Like it!

Join us on Facebook!

Like it!

Writing a custom iterator in modern C++

An experimental Forward Iterator written from scratch to boost up hand-made containers.

An iterator is an object that points to an element inside a container. Like a pointer, an iterator can be used to access the element it points to and can be moved through the content of the container. Each container in the C++ Standard Library provides its own iterator, as well as some methods to retrieve it. Using iterators is quite easy: obtain an instance from a container, move it around where needed and then get the pointed element.

Concretely, an iterator is a simple class that provides a bunch of operators: increment ++, dereference * and few others which make it very similar to a pointer and the arithmetic operations you can perform on it. In fact, iterators are a generalization of pointers, which are often used as a foundation when writing the iterator itself.

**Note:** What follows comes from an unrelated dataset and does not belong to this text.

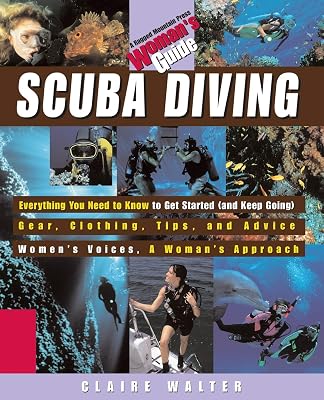 Scuba Diving: A Woman's Guide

Iterators are one of the building blocks of the Standard Library containers, but they are also useful when you want to provide the ability to iterate over elements of a custom container that you wrote yourself: this is what I want to investigate in the present article. Adding iterators to your containers will make them compatible with the range-based for loops and the C++ Algorithms library: a collection of functions for searching, sorting, counting and manipulating containers, based on iterators.

A dummy container for our experiments

Before digging deeper, let's define a silly custom container that we want to spice up with iterators:

class Integers
{
private:
    int m_data[200];
};

The Integers class is a wrapper around a raw array of ints: we want to be able to access elements of that private array through an iterator, as well as to loop over it or pass it to any of the Standard Library algorithms. Let's start by making some design decisions.

Choose the nature of our iterator

The first step is to choose the type of iterator we want to implement. Modern C++ defines six types:

# Name Description
1 Input Iterator Can scan the container forward only once, can't change the value it points to (read-only);
2 Output Iterator Can scan the container forward only once, can't read the value it points to (write-only);
3 Forward Iterator Can scan the container forward multiple times, can read and write the value it points to;
4 Bidirectional Iterator Same as previous one but can scan the container back and forth;
5 Random Access Iterator Same as previous one but can access the container also non-sequentially (i.e. by jumping around);
6 Contiguous Iterator Same as previous one, with the addition that logically adjacent elements are also physically adjacent in memory.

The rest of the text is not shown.